BEGIN PROVIDED DATA

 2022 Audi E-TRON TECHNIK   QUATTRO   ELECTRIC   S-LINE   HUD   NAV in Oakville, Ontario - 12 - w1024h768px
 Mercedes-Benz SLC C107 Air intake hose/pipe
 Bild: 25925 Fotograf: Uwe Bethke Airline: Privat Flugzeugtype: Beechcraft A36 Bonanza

END PROVIDED DATA
BEGIN PROVIDED DATA

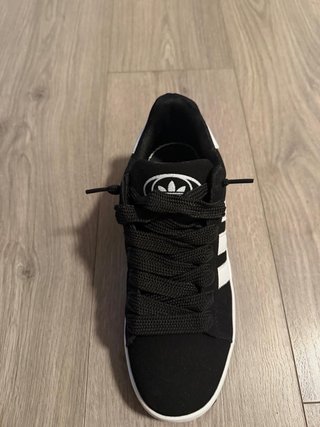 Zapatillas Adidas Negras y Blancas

END PROVIDED DATA

Copy out only the lines above from the one with "Mercedes-Benz SLC C107 Air intake hose/pipe" to the one with "Bild: 25925 Fotograf: Uwe", inclusive, exactly as they stand.

## SOLUTION BELOW
 Mercedes-Benz SLC C107 Air intake hose/pipe
 Bild: 25925 Fotograf: Uwe Bethke Airline: Privat Flugzeugtype: Beechcraft A36 Bonanza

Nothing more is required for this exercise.